Problem to solve:
What do the lines say, reproduced word for word, from the first of the entries below through the line bearing "The LogSeq Agenda"?

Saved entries
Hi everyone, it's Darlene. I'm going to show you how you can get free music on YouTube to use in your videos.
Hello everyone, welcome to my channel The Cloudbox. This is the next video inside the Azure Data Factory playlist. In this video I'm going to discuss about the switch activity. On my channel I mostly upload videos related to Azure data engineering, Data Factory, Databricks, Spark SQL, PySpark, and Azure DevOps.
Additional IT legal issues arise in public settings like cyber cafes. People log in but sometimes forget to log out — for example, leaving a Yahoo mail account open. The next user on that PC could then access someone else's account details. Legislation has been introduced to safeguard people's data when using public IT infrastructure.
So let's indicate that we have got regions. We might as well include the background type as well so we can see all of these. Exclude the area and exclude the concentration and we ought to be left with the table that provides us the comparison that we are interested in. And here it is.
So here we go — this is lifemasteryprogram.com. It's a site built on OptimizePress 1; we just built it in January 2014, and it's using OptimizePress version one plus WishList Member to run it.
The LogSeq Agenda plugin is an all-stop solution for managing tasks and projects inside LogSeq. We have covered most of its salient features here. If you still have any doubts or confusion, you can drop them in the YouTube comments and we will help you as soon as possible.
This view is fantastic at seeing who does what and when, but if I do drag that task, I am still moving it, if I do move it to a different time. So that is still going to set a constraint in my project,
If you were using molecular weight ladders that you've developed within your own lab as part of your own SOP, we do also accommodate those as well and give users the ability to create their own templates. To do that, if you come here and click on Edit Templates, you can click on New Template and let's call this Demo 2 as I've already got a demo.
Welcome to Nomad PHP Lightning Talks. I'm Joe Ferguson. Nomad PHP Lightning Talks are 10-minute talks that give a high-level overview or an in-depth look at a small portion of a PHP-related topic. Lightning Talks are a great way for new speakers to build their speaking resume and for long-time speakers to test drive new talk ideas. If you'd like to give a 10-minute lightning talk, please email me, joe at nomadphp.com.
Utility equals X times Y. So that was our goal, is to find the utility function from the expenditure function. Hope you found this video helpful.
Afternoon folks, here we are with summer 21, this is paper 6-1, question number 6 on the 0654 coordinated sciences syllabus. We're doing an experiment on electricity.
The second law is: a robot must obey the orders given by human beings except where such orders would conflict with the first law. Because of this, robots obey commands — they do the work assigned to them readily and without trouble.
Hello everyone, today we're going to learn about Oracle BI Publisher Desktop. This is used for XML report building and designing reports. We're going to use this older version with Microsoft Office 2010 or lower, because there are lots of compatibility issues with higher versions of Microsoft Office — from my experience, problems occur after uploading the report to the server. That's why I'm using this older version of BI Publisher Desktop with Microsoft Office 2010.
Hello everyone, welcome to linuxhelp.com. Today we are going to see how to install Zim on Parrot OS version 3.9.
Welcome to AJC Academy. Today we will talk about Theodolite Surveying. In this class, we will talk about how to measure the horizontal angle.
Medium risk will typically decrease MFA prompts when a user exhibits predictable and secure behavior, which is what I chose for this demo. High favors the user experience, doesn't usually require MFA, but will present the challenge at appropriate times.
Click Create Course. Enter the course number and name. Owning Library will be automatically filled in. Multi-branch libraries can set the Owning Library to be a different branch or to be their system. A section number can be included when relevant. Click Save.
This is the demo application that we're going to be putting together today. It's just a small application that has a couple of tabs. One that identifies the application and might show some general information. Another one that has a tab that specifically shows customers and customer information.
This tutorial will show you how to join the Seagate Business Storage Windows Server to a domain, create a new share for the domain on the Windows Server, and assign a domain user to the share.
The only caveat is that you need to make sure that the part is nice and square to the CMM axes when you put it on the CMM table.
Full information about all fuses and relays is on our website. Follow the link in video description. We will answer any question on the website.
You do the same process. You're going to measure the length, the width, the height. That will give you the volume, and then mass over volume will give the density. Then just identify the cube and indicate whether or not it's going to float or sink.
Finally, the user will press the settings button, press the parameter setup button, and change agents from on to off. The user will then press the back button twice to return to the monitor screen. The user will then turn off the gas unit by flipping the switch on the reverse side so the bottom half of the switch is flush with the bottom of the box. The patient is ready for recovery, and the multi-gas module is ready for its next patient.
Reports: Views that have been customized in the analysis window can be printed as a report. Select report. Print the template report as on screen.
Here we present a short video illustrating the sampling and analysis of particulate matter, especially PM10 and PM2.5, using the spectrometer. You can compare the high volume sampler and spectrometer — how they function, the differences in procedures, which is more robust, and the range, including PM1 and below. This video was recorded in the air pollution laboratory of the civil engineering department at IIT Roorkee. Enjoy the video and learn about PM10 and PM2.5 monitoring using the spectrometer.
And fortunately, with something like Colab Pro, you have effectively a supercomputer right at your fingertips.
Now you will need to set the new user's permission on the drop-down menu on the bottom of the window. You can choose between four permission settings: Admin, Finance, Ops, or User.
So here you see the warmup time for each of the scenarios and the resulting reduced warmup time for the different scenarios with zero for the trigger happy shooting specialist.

The answer:
Hi everyone, it's Darlene. I'm going to show you how you can get free music on YouTube to use in your videos.
Hello everyone, welcome to my channel The Cloudbox. This is the next video inside the Azure Data Factory playlist. In this video I'm going to discuss about the switch activity. On my channel I mostly upload videos related to Azure data engineering, Data Factory, Databricks, Spark SQL, PySpark, and Azure DevOps.
Additional IT legal issues arise in public settings like cyber cafes. People log in but sometimes forget to log out — for example, leaving a Yahoo mail account open. The next user on that PC could then access someone else's account details. Legislation has been introduced to safeguard people's data when using public IT infrastructure.
So let's indicate that we have got regions. We might as well include the background type as well so we can see all of these. Exclude the area and exclude the concentration and we ought to be left with the table that provides us the comparison that we are interested in. And here it is.
So here we go — this is lifemasteryprogram.com. It's a site built on OptimizePress 1; we just built it in January 2014, and it's using OptimizePress version one plus WishList Member to run it.
The LogSeq Agenda plugin is an all-stop solution for managing tasks and projects inside LogSeq. We have covered most of its salient features here. If you still have any doubts or confusion, you can drop them in the YouTube comments and we will help you as soon as possible.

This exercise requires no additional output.